Forms of carbon that I have found convenient for use are gas-carbon, anthracite coal that has been baked as to give it conducitivity, bituminous coal from which sufficient o the hydrocarbons have been driven off to give it conductivity, charcoal, and in fact any form of carbon or carbonaceous material which has or to which may be given sufficient conductivity to allow of the conduction of the electric current to or from the seat of chemical action. I prefer to mold the carbon into one or more solid cylinders or plates (which may be done by well known processes) as excellent electrical connection may be conveniently made between such carbons and the lead wires.
The volume of current from such a generator as I have described is very large, but the voltage is smaller than is demanded for most commercial purposes.
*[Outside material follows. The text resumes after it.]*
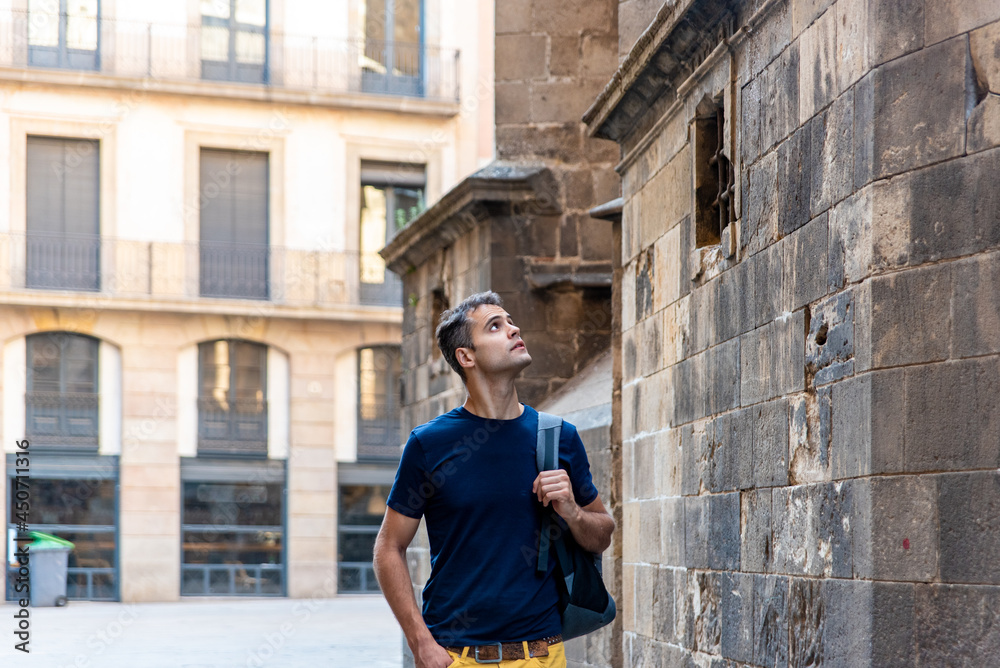 Young latin tourist man visiting the city with his bag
Greater voltage may of course be obtained by coupling any desired number of generators in series, or the voltage from a single generator may be increased at the expense of the volume of current by well-known methods of transformation.
1) The method of converting the potential energy of carbon or carbonaceous materials into electrical energy, which consists in chemically combining oxygen with said carbon or carbonaceous materials through an intervening electrolyte.
2) The method of converting the potential energy of carbon or carbonaceous materials into electrical energy, which consists in chemically combining oxygen with said carbon or carbonaceous materials by impregnating an intervening electrolyte with an excess of oxygen.
3) The method of converting the potential energy of carbon or carbonaceous materials into electrical energy, which consists in chemically combining oxygen with said carbon or carbonaceous materials by impregnating an intervening electrolyte with air.
4) The method of converting the potential energy of carbon or carbonaceous materials into electrical energy, which consists in chemically combining oxygen with said carbon or carbonaceous materials by impregnating a molten basic electrolyte with oxygen or air and collecting the electricity from the electrolyte by an electrode not chemically acted upon by said impregnated electrolyte when the circuit is completed.
5) The herein described process of generating electricity through the combination of oxygen with carbon by supplying a blast of oxygen or air to a carbon electrode through an electrolyte.
6) The herein described process of generating electricity through the combination of oxygen with carbon by supplying a blast of oxygen or air to a carbon electrode through molten sodium or potassium hydrate.
7) As a generator of electricity by the chemical combination of carbon with oxygen, an oxidizable electrode of carbon or carbonaceous material, an electrolyte continuously impregnated with oxygen and a collecting electrode not chemically acted upon by said impregnated electrode when the circuit is completed.
8) As a generator of electricity by the chemical combination of carbon or carbonaceous material, a molten basic electrolyte continuously impregnated with oxygen or air, a collecting electrode not chemically acted upon by said impregnated electrolyte when the circuit is completed, a containing vessel of iron and means for maintaining the electrolyte in a molten condition.
9) As a generator of electricity by the chemical combination of carbon with the oxygen of the air, an oxidizable electrode of carbon or carbonaceous material, an electrolyte of molten sodium or potassium hydrate continuously impregnated with oxygen by a blast of air, a collecting electrode not chemically acted upon by said impregnated electrolyte when the circuit is completed, a containing vessel of iron and means for maintaining the electrolyte in a molten condition.